▶ Records from a collection
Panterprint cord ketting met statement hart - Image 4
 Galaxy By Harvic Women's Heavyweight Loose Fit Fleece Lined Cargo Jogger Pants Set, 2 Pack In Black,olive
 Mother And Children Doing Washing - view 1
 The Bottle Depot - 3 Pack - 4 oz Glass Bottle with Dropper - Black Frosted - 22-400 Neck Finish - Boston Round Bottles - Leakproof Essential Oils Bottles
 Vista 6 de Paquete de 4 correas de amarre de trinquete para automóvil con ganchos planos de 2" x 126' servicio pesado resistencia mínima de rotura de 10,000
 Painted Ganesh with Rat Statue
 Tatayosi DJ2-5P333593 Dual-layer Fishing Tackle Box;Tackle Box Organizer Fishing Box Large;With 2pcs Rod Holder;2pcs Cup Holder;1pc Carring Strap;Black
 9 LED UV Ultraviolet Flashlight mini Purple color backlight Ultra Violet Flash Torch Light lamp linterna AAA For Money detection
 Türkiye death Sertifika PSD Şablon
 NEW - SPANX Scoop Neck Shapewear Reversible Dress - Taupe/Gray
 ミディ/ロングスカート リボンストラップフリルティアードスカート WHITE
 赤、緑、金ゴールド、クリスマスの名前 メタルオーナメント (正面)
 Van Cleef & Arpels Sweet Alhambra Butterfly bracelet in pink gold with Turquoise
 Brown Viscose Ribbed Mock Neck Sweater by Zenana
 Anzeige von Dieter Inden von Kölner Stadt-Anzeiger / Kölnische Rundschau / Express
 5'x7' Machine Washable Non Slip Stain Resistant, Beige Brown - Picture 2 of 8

▶ Problem to work on
Among the records, find the lines that contain "Black" and copy each of them.

▶ Task answer
 Galaxy By Harvic Women's Heavyweight Loose Fit Fleece Lined Cargo Jogger Pants Set, 2 Pack In Black,olive
 The Bottle Depot - 3 Pack - 4 oz Glass Bottle with Dropper - Black Frosted - 22-400 Neck Finish - Boston Round Bottles - Leakproof Essential Oils Bottles
 Tatayosi DJ2-5P333593 Dual-layer Fishing Tackle Box;Tackle Box Organizer Fishing Box Large;With 2pcs Rod Holder;2pcs Cup Holder;1pc Carring Strap;Black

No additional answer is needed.